Records for this task: Begin

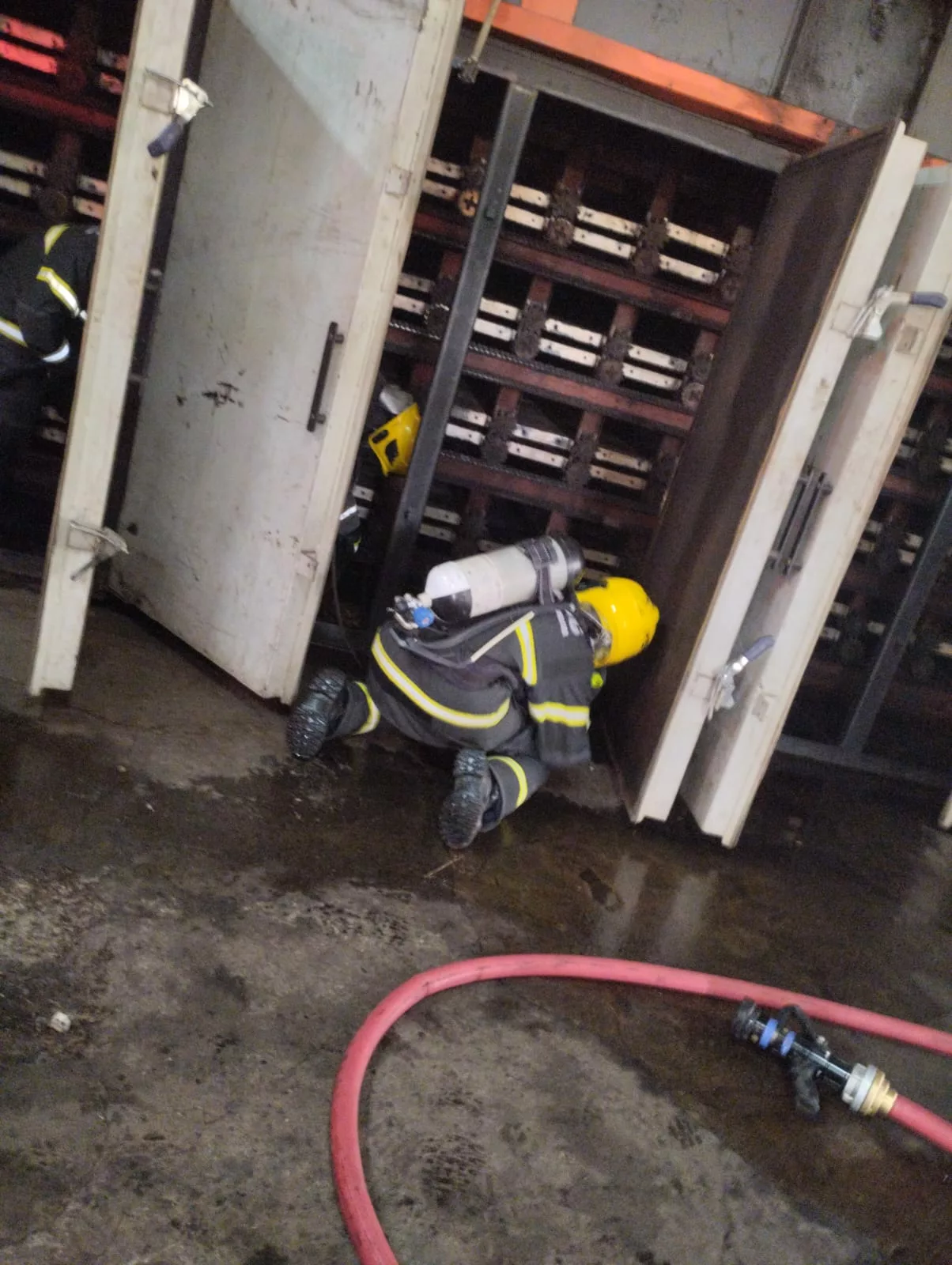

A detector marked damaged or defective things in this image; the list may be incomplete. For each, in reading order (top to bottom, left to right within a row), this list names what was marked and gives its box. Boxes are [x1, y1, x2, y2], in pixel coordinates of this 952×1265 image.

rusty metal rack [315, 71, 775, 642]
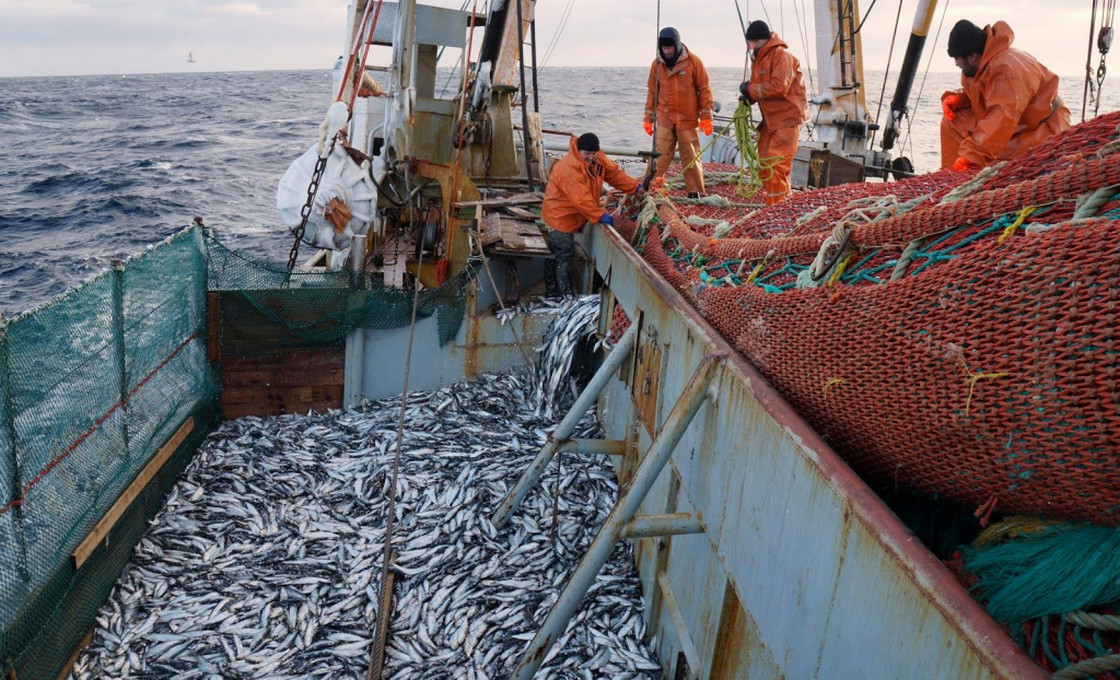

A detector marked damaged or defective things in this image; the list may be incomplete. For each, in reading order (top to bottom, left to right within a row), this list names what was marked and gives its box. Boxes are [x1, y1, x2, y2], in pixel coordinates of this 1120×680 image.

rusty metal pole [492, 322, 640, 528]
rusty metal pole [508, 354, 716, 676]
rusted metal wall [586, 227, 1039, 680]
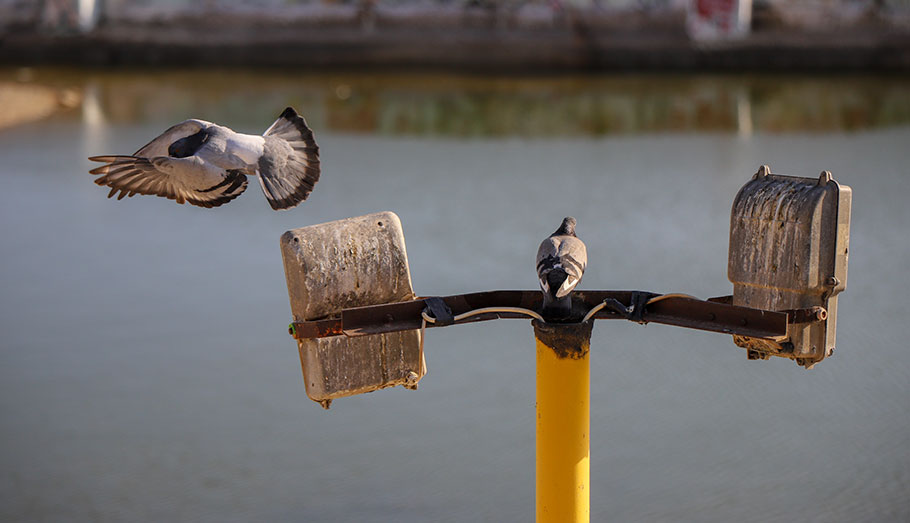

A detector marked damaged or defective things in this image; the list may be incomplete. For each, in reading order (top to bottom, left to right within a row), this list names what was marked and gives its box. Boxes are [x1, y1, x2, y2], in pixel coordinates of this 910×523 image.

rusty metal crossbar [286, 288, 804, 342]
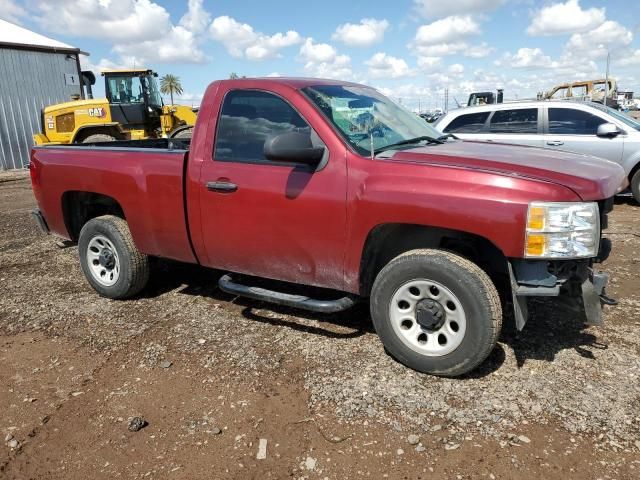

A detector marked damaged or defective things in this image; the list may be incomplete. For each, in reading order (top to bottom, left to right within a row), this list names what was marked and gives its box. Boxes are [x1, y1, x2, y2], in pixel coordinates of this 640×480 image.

Records for this task: End

**Task details:** What is needed is an exact restatement of every line from the one containing "this 1120×680 image." through the last line of the records, pictures left out.

**Solved exercise:**
A detector marked damaged or defective things in this image; the list may be incomplete. For each, in reading order (top to bottom, left to right within a row), this list names what was marked and gives its box. Boxes are [x1, y1, x2, y2], in pixel coordinates of this 1120×680 image.

rusty metal pole [492, 322, 640, 528]
rusty metal pole [508, 354, 716, 676]
rusted metal wall [586, 227, 1039, 680]

A detector marked damaged or defective things in this image; the list may be incomplete. For each, in reading order (top to bottom, left to right within a row), this list names what was marked and gives its box. Boxes are [x1, y1, x2, y2], in pixel coordinates of this 910×523 image.

rusty metal crossbar [286, 288, 804, 342]

A detector marked damaged or defective things in this image; the list may be incomplete. For each, in reading order (top to bottom, left to right within a row), this list names what was marked and gives its box. Boxes are [x1, y1, x2, y2], in pixel coordinates of this 640×480 image.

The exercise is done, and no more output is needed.